(Sermón 10 sobre la Cuaresma, 3-5: PL 54, 299-301)
Dice el Señor en el evangelio de Juan: La señal por la que conocerán todos que sois discípulos míos será que os amáis unos a otros; y en la carta del mismo apóstol se puede leer: Queridos, amémonos unos a otros, ya que el amor es de Dios, y todo el que ama ha nacido de Dios y conoce a Dios.
Que los fieles abran de par en par sus mentes y traten de penetrar, con un examen verídico, los afectos de su corazón; si llegan a encontrar alguno de los frutos de la caridad escondido en sus conciencias, no duden de que tienen a Dios consigo, y, a fin de hacerse más capaces de acoger a tan excelso huésped, no dejen de multiplicar las obras de una misericordia perseverante.
Pues, si Dios es amor, la caridad no puede tener fronteras, ya que la Divinidad no admite verse encerrada por ningún término.
Los presentes días, queridísimos hermanos, son especialmente indicados para ejercitarse en la caridad —por más que no hay tiempo que no sea a propósito para ello—, quienes desean celebrar la Pascua del Señor con el cuerpo y el alma santificados deben poner especial empeño en conseguir, sobre todo, esta caridad, porque en ella se halla contenida la suma de todas las virtudes y con ella se cubre la muchedumbre de los pecados.

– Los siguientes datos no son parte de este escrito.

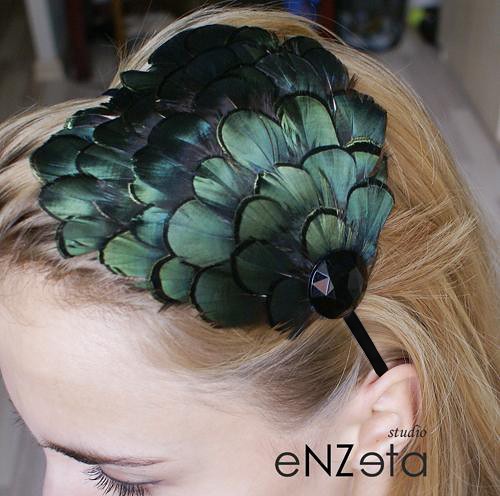 Bella in black enzeta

Por esto, al disponernos a celebrar aquel misterio que es el más eminente, con el que la sangre de Jesucristo borró nuestras iniquidades, comencemos por preparar ofrendas de misericordia, para conceder, por nuestra parte, a quienes pecaron contra nosotros lo que la bondad de Dios nos concedió a nosotros.
La largueza ha de extenderse ahora, con mayor benignidad, hacia los pobres y los impedidos por diversas debilidades, para que el agradecimiento a Dios brote de muchas bocas, y nuestros ayunos sirvan de sustento a los menesterosos. La devoción que más agrada a Dios es la de preocuparse de sus pobres, y, cuando Dios contempla el ejercicio de la misericordia, reconoce allí inmediatamente una imagen de su piedad. No hay por qué temer la disminución de los propios haberes con esas expensas, ya que la benignidad misma es una gran riqueza, ni puede faltar materia para la largueza allí donde Cristo apacienta y es apacentado. En toda esta faena interviene aquella mano que aumenta el pan cuando lo parte, y lo multiplica cuando lo da.
Quien distribuye limosnas debe sentirse seguro y alegre, porque obtendrá la mayor ganancia cuando se haya quedado con el mínimo, según dice el bienaventurado apóstol Pablo: El que proporciona semilla para sembrar y pan para comer os proporcionará y aumentará la semilla, y multiplicará la cosecha de vuestra justicia en Cristo Jesús, Señor nuestro, que vive y reina con el Padre y el Espíritu Santo por los siglos de los siglos. Amén.